- **Work item**:
Copy task for the material below: print the line with "Bumper Plate von" and every line after it to the end, exactly as written, without the pictures.

- **Input data**:
#####

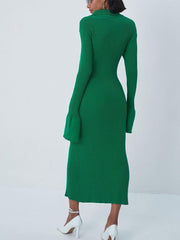 V-Neck Long Bell Sleeve Sweater Maxi Dress Newgew Dresses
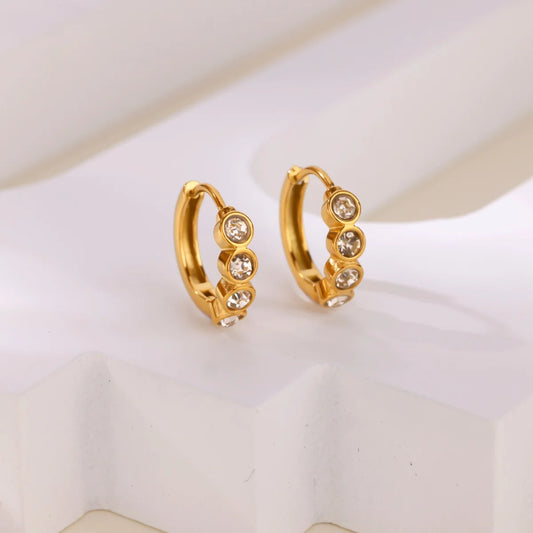 Free Shipping Zircon Hoop Stud Earrings For Women Stainless Steel Piercing Earring 2025 New Fashion Wedding Jewelry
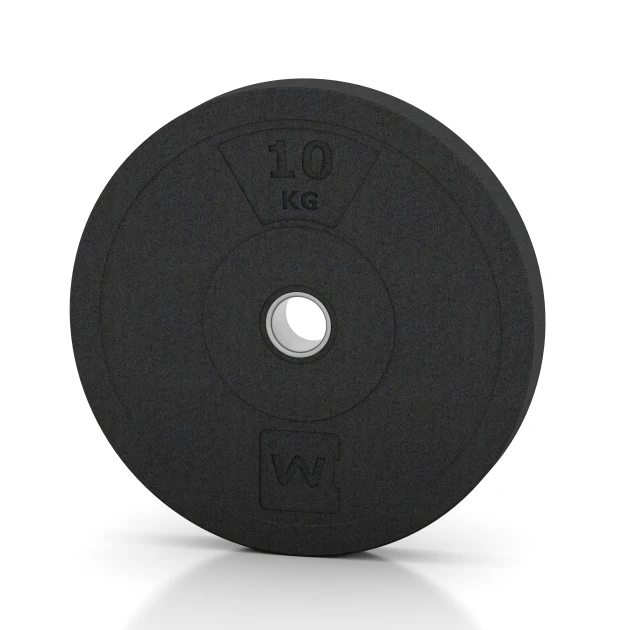Bumper Plate von WARCO im Farbdesign Anthrazit mit den Abmessungen 10 kg | ø 45,4 x 5,85 cm. Produktfoto von Artikel 6085 in der Aufsicht von schräg vorne.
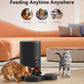 WOPET Automatic Cat Feeders 2 Cats-Timed Cat Feeder with Stainless Steel Bowl, Programmable 1-6 Meals Control, Dual Power Supply Auto Pet Feeder for Cats and Dogs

#####

- **Solution**:
Bumper Plate von WARCO im Farbdesign Anthrazit mit den Abmessungen 10 kg | ø 45,4 x 5,85 cm. Produktfoto von Artikel 6085 in der Aufsicht von schräg vorne.
 WOPET Automatic Cat Feeders 2 Cats-Timed Cat Feeder with Stainless Steel Bowl, Programmable 1-6 Meals Control, Dual Power Supply Auto Pet Feeder for Cats and Dogs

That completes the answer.